Instructions for the task –
Repeat the whole listing below precisely. Omit all pictures.

Data block –
_ _ _ _ _

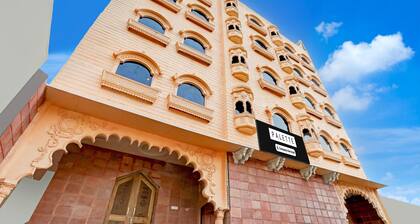 Deluxeheritage Varanasi Retreat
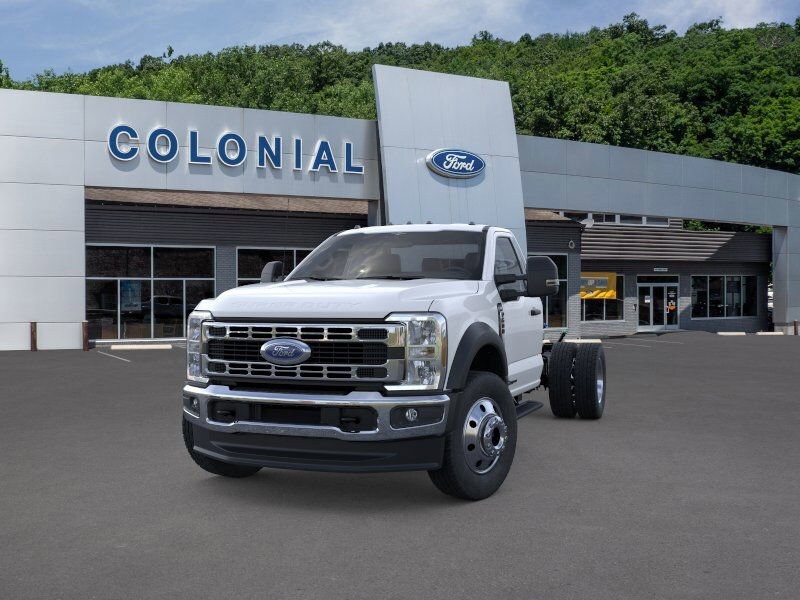 2025 Ford F-600 photo 2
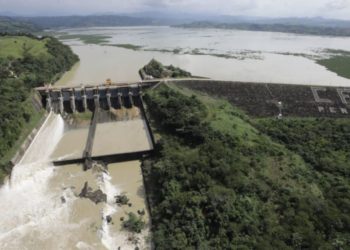 Peñitas desfogando 500 m³/s; aumentan niveles en ríos de Tabasco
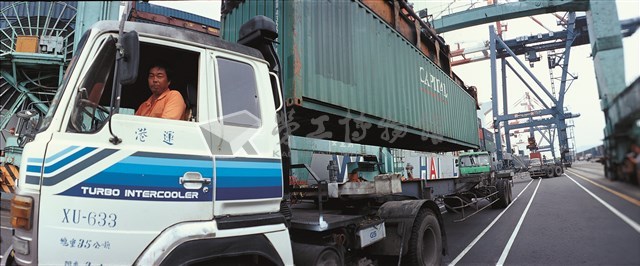 何經泰參展作品「貨櫃車司機」(數位檔)藏品圖，第1張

_ _ _ _ _

Solution to this task –
 Deluxeheritage Varanasi Retreat
 2025 Ford F-600 photo 2
 Peñitas desfogando 500 m³/s; aumentan niveles en ríos de Tabasco
 何經泰參展作品「貨櫃車司機」(數位檔)藏品圖，第1張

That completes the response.